SYCL allows us to easily leverage the power of C++ template metaprogramming in device code. Most valid compile-time constructs will work in a kernel (with some restrictions, described in "Limitations"). This means that we can define generic command groups, kernels, use functional programming concepts, and offload a lot of work to the compiler.
In this section we will create and execute a generic kernel function object
Define ConstantAdder
template<typename T, typename Acc, size_t N>
class ConstantAdder {
public:
ConstantAdder(Acc accessor, T val)
: accessor(accessor)
, val(val) {}
void operator() () {
for (size_t i = 0; i < N; i++) {
accessor[i] += val;
}
}
private:
Acc accessor;
const T val;
};
We first define a ConstantAdder
class. The class overloads operator()
, so it is a function object. It performs addition of a value to every element of an object, given that the object provides operator[]
.
Execute generic function
#include <iostream>
#include <array>
#include <algorithm>
#include <CL/sycl.hpp>
namespace sycl = cl::sycl;
<<Define ConstantAdder>>
int main(int, char**) {
std::array<int, 4> vals = {{ 1, 2, 3, 4 }};
sycl::queue queue(sycl::default_selector{});
{
sycl::buffer<int, 1> buf(vals.data(), sycl::range<1>(4));
queue.submit([&] (sycl::handler& cgh) {
auto acc = buf.get_access<sycl::access::mode::read_write>(cgh);
cgh.single_task(ConstantAdder<int, decltype(acc), 4>(acc, 1));
} );
}
std::for_each(vals.begin(), vals.end(), [] (int i) { std::cout << i << " "; } );
std::cout << std::endl;
return 0;
}
In main
, after the typical setup, we create a single buffer to manage four integer values. Note that we can use int
, which is an unsized type - its width can differ from platform to platform. It is, however, safe to use, since the size is decided by the host compiler. The device compiler will then just use the same size, which allows for safe transfers of data between the host and devices.

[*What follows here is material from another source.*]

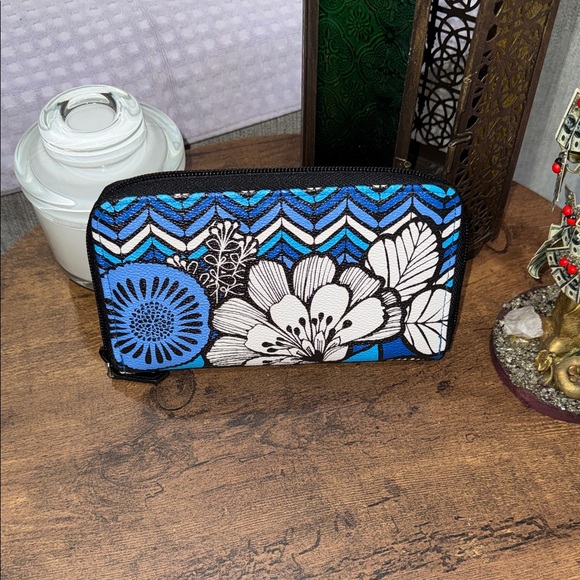 Vera Bradley Black and Blue Floral Wallet - Picture 2 of 3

In the command group, we create an instance of our ConstantAdder
with a value of 1
and pass that to single_task
. Notice that since our function object is now a full-fledged class, we do not have to make up an artificial template parameter, since the kernel name is known - it is exactly the name of the function object type ConstantAdder
. The output of the program is as expected:
2 3 4 5
Of course, in this case a simple lambda kernel would have worked just as well. In general though, using your own classes gives you more flexibility and expressive power, at the cost of verbosity.

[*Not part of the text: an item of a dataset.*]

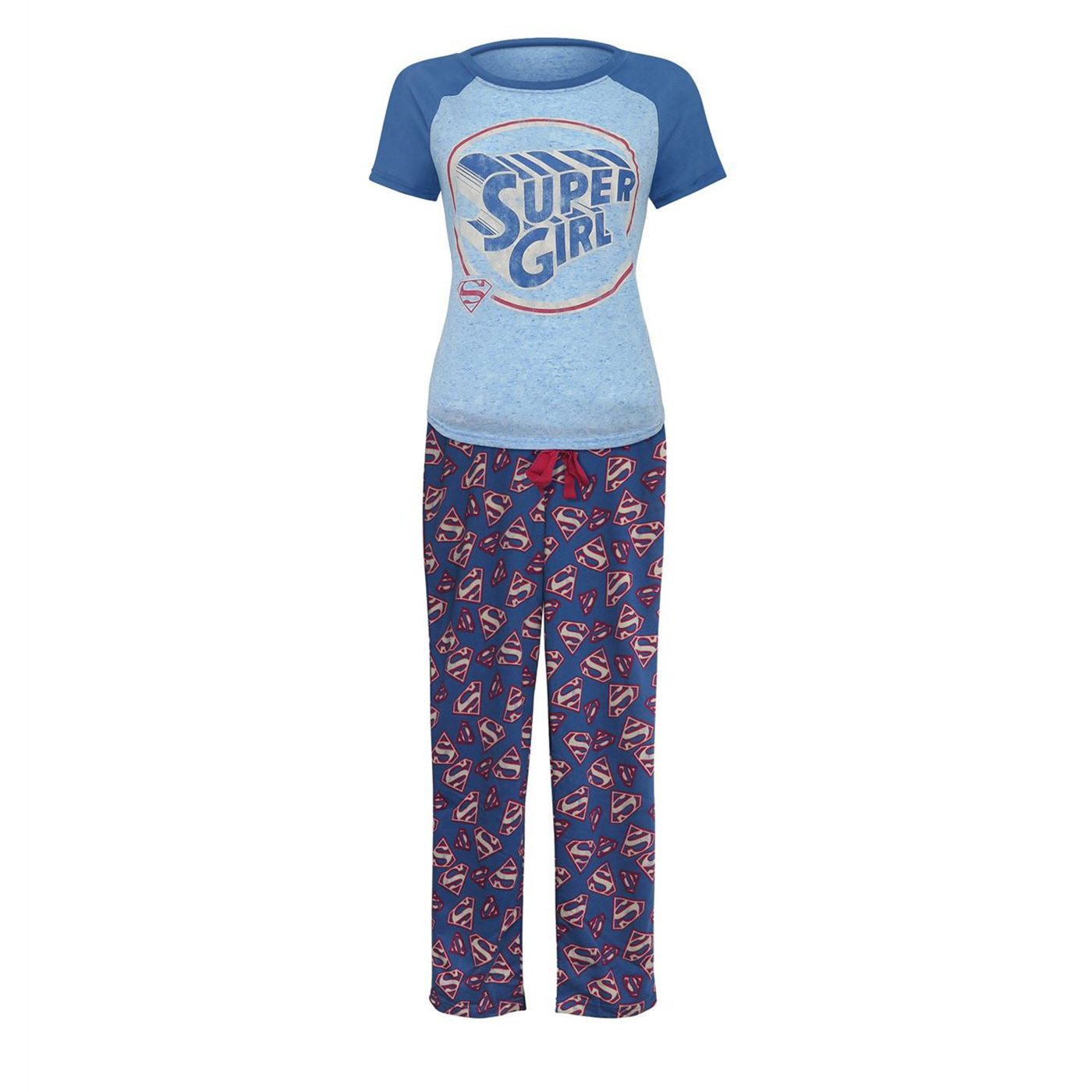 Supergirl All-Over Print Women's 2-piece Pajama Set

Lambdas can also be captured by the command group scope in SYCL. This is a useful feature, for example, when needed to pass a function pointer which is restricted in SYCL. Additionally, the C++14 generic lambdas
that improve on C++11 lambdas can also be used with ComputeCpp. If you are interested to learn more about this, you can have a look at our engineering blog post on Generic Lambdas with SYCL.
Note that there is no guarantee C++14 language features that are supported by ComputeCpp will also work across other SYCL implementations since the minimum requirement for SYCL v1.2.1 is C++11.